Às vésperas da Cúpula das Américas, em 2012, o presidente da Colômbia, Juan Manuel Santos, anfitrião do encontro, se declarou favorável à legalização da maconha e da cocaína como alternativas para erradicar a violência decorrente da war on drugs. Logo a seguir, os presidentes da Guatemala e El Salvador, Otto Perez e Mauricio Funes conclamaram seus pares a iniciar o debate sobre a regulação do uso e comércio de drogas. A posição do presidente da Bolívia, Evo Morales, egresso do movimento sindical cocalero, já é internacionalmente conhecida.
O presidente uruguaio José Mujica enviou ao Parlamento no início de agosto de 2012 um projeto de lei para descriminalizar a posse de maconha e controlar a produção, distribuição e comercialização da planta.

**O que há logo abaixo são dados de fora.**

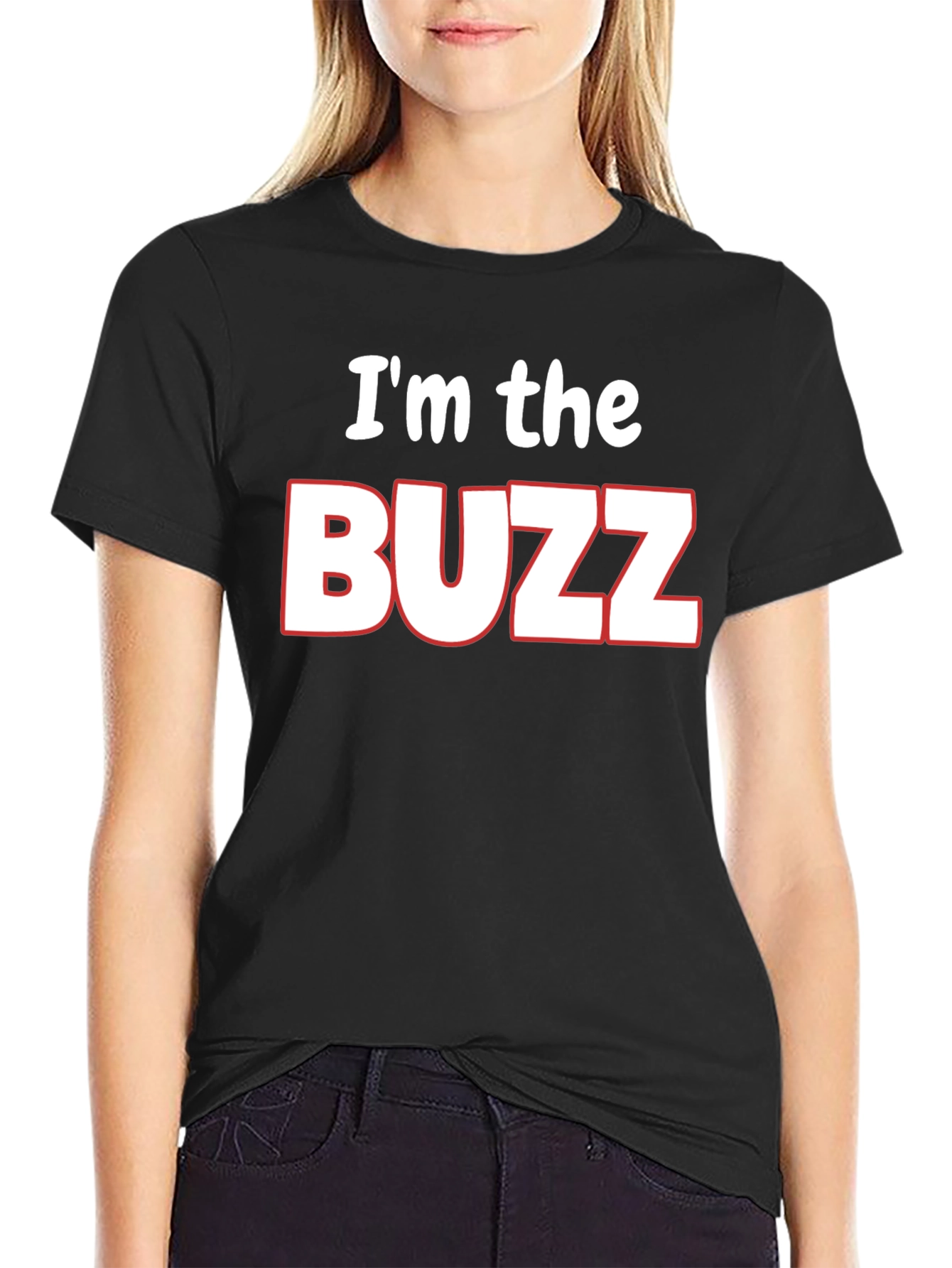 Black I'm the Buzz T-Shirt - Funny Novelty Tee view 2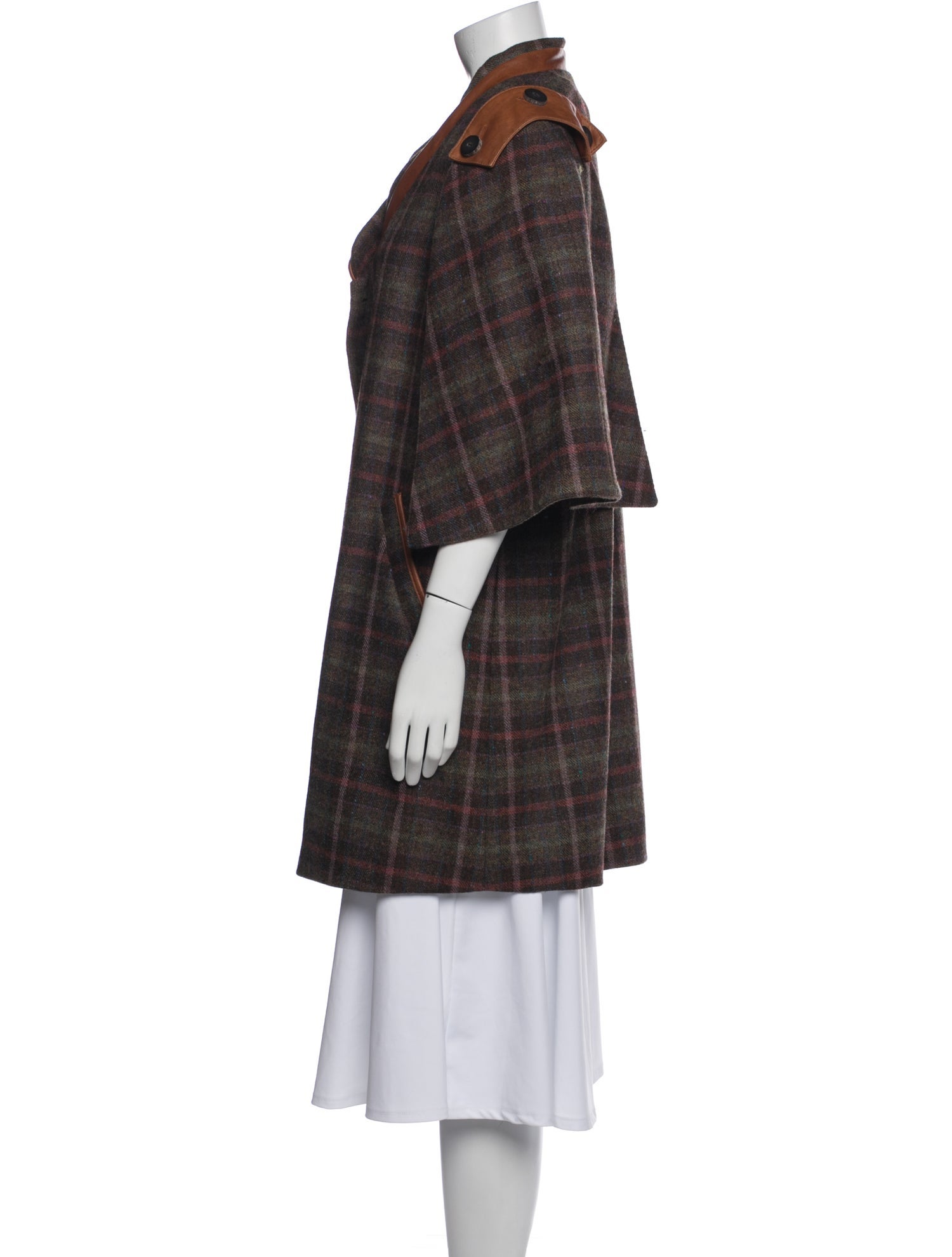 Suno Wool Plaid Print Jacket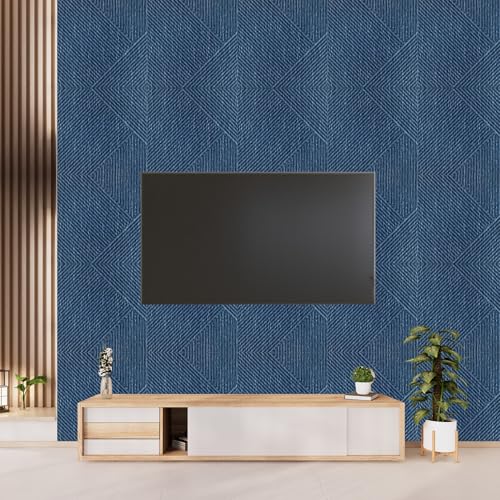 Image of Kayra Decor 3D Self Adhesive Wall Panel Electric Blue TP 106 Design Pack of 12 Covers 32.34 Sq. Ft.TP106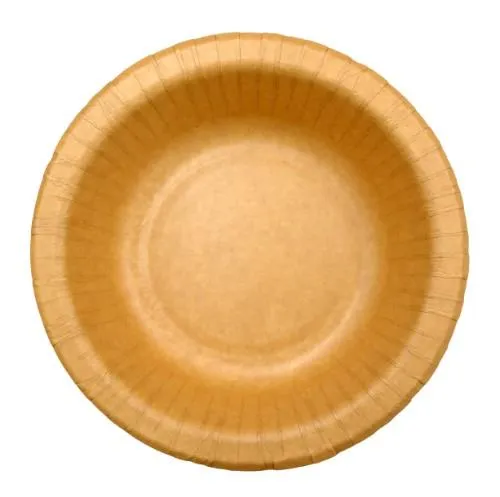 Vienkartiniai dubenėliai, rudi, popierius/biologiškai skaidi danga, D 19 cm, 500ml, 50 vnt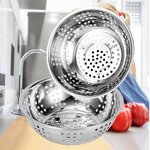 Filter Bowl Manufacturer - Stainless Steel Large Hole Drainage for Washing Fruits Vegetables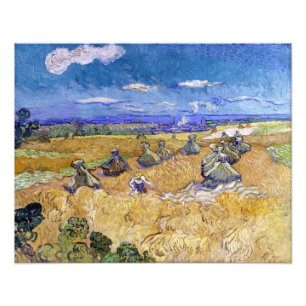Foto Vincent van Gogh - Trigos con Segadores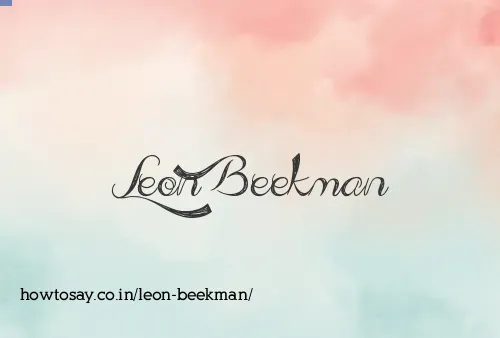 Leon Beekman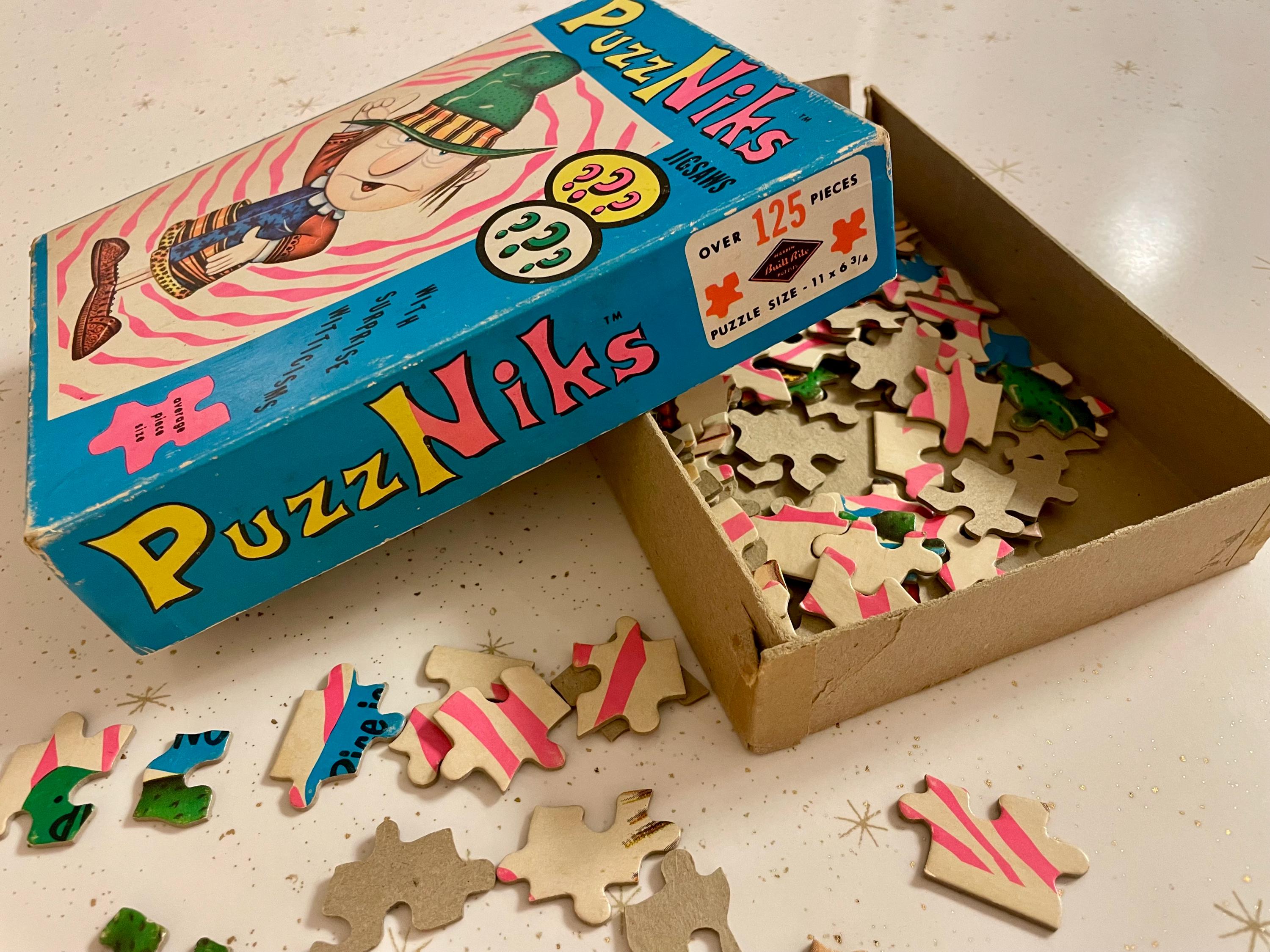 Vintage PUZZLNIKS Puzzle With Surprise Message, Warren Built-rite ...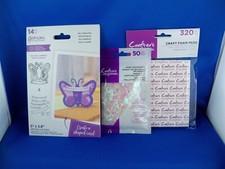 CRAFTER'S COMPANION - Stanzschablonen, Stempel, Pailletten, Pads f.Shaker-Karten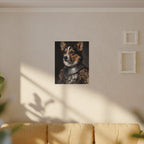 Corgi Medieval Knight canvas print by Tritan, sofa wall
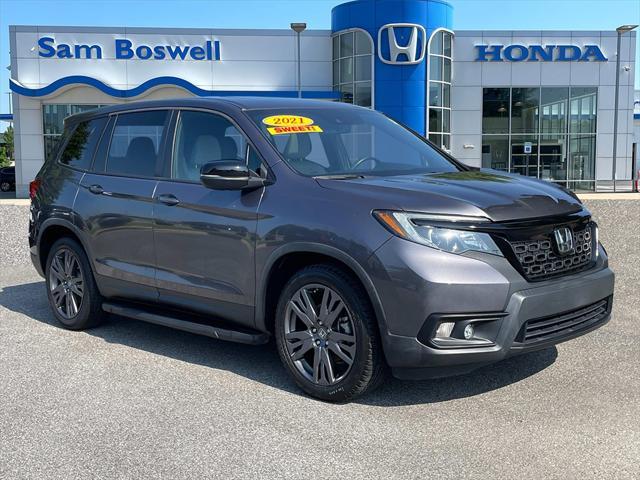 used 2021 Honda Passport car, priced at $27,500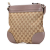 Gucci B Gucci Brown Beige Canvas Fabric GG Mayfair Crossbody Italy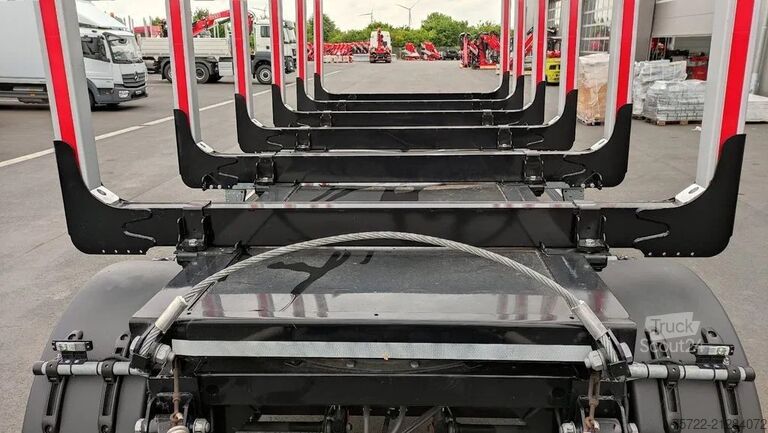 Transportator de lemn PAVIC HTA 27 68 Blatt/Blatt 3-Achser Schemel OPTIPA H...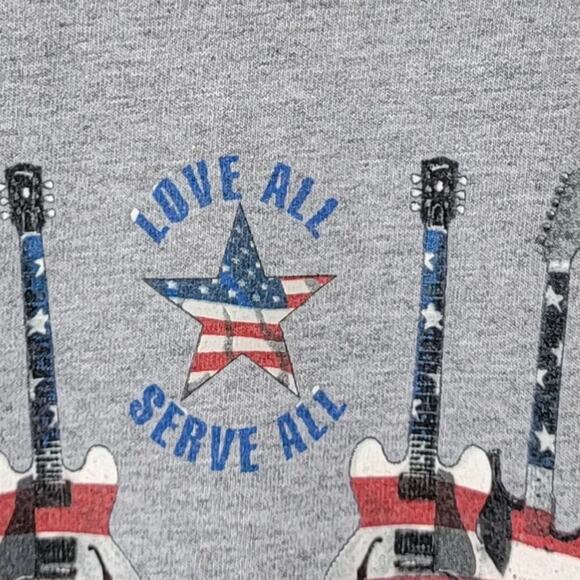 Hard Rock Cafe Honolulu T Shirt Gray Love All Serve All Guitar Mens Size S - Picture 2 of 7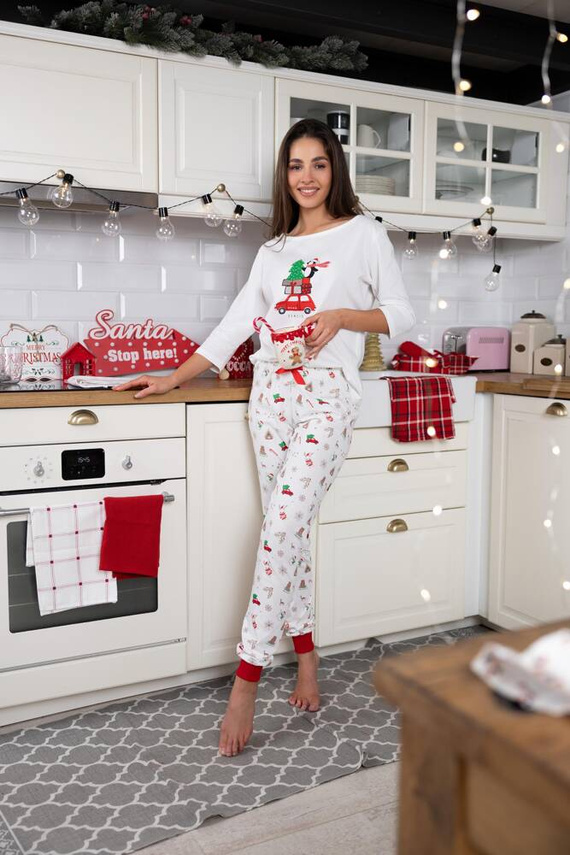 Lillian Piżama damska Sensis -ecru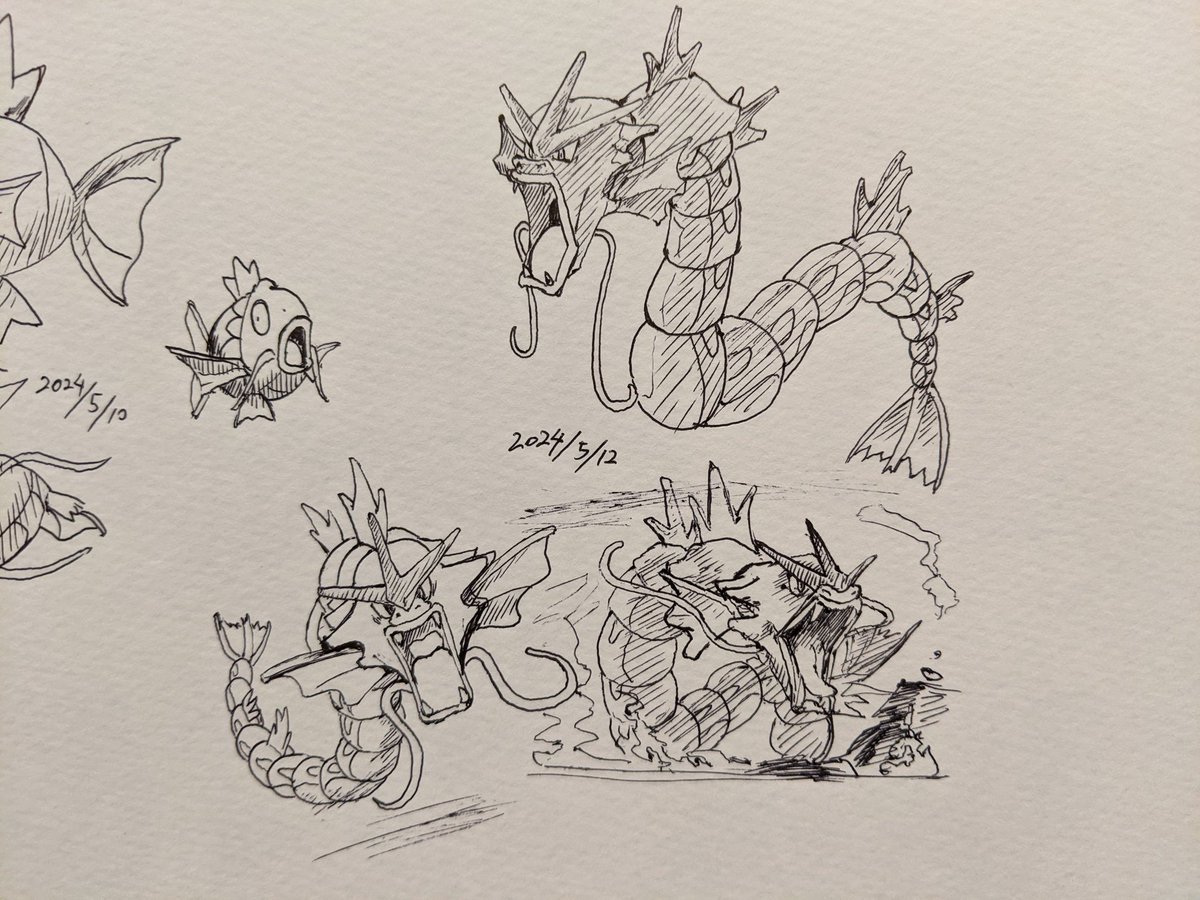 ギャラドス 進化後かみつく覚えてから主力メンバーになった おそらく鯉のぼりがモデルだが、初代ではたきのぼりは覚えない カキカキ。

No Brasil, o Anteprojeto de Código Penal elaborado pela Comissão de Juristas indicados pelo Senado Federal – a despeito dos problemas de forma e conteúdo existentes na proposta – contempla, acertadamente, a abolição do crime de porte de drogas para consumo pessoal.
Em 2009, as Cortes Supremas da Argentina e da Colômbia sufragaram o entendimento de que a lei penal não possui legitimidade para enquadrar o consumo pessoal de drogas como delito, por ausência de ofensividade, tendo em vista que a autolesão não pode, jamais, ser objeto de incriminação.
Bem por isso, é de especial importância o julgamento, pelo Supremo Tribunal Federal, do Recurso Extraordinário 635.659, da relatoria do Min. Gilmar Mendes, no qual será examinada a
(in)constitucionalidade do art. 28 da Lei 11.343/2006.
Cumprindo sua missão institucional, o IBCCRIM, ao lado da Rede de Justiça Criminal, produziu esta edição especial do Boletim, com resumos dos memoriais dos amici curiae, além de jurisprudência selecionada e artigos de especialistas que não pertencem à área jurídica, de modo a propiciar uma visão verdadeiramente multidisciplinar sobre a matéria.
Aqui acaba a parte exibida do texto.